Top of GIVEN INFORMATION

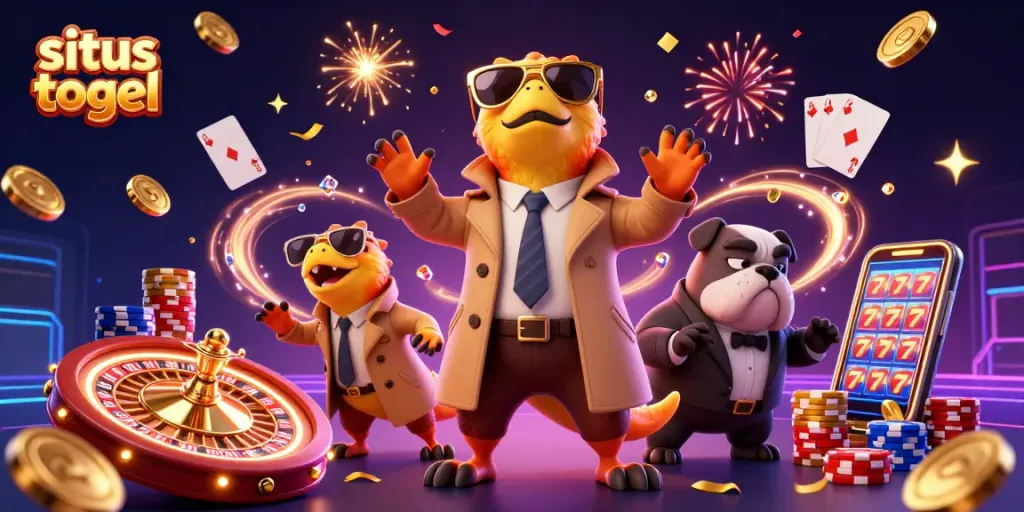Win big with situs togel in this vibrant casino scene featuring raptors in disguise.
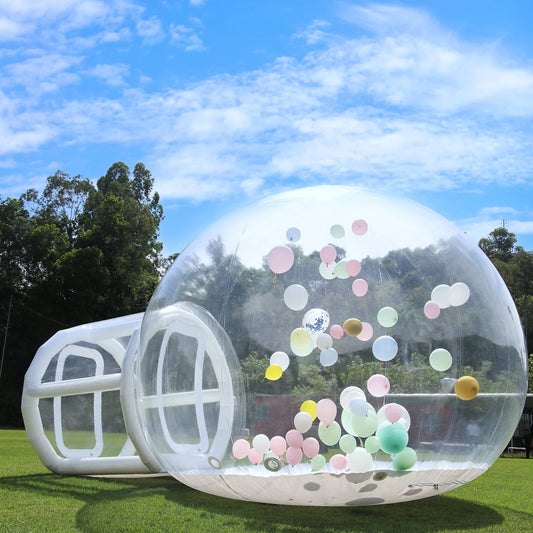 Inflatable 3M (10FT) PVC Bubble House Castle for Kids – Commercial-Grade Outdoor Toy with 750W Air Blower & 100 Balloons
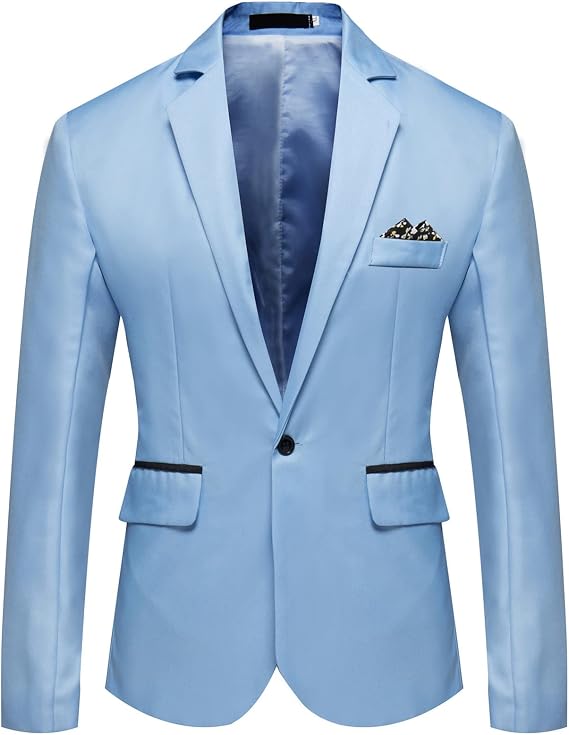 Men's One Button Lightweight Blazer Casual Slim Fit Business Daily Jacket Classic Solid Skinny Party Sports Coat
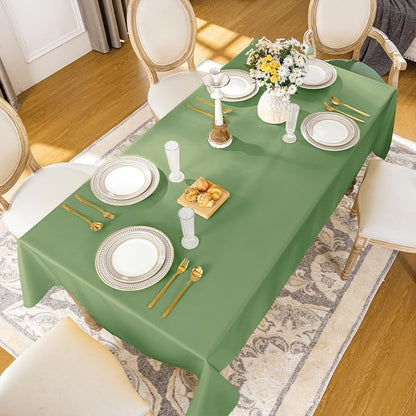 Softalker Rectangle Tablecloth, Waterproof Table Cloths Wrinkle Free Fabric Washable Polyester Table Cover for Dining Tables Party Outdoor Camping Parties Buffet - 52 x 70 inch, Sage Green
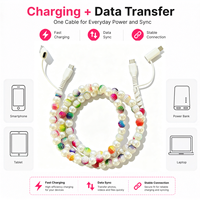 Câble de charge USB Type C 4-en-1 arc-en-ciel perlé, coloré, multi-charge, cadeau tendance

Bottom of GIVEN INFORMATION

Take the line that holds "Men's One Button" as the start and the last line of the data as the end. Copy only those lines exactly, both ends included, except the pictures.

* RESPONSE FOR THIS EXERCISE
 Men's One Button Lightweight Blazer Casual Slim Fit Business Daily Jacket Classic Solid Skinny Party Sports Coat
 Softalker Rectangle Tablecloth, Waterproof Table Cloths Wrinkle Free Fabric Washable Polyester Table Cover for Dining Tables Party Outdoor Camping Parties Buffet - 52 x 70 inch, Sage Green
 Câble de charge USB Type C 4-en-1 arc-en-ciel perlé, coloré, multi-charge, cadeau tendance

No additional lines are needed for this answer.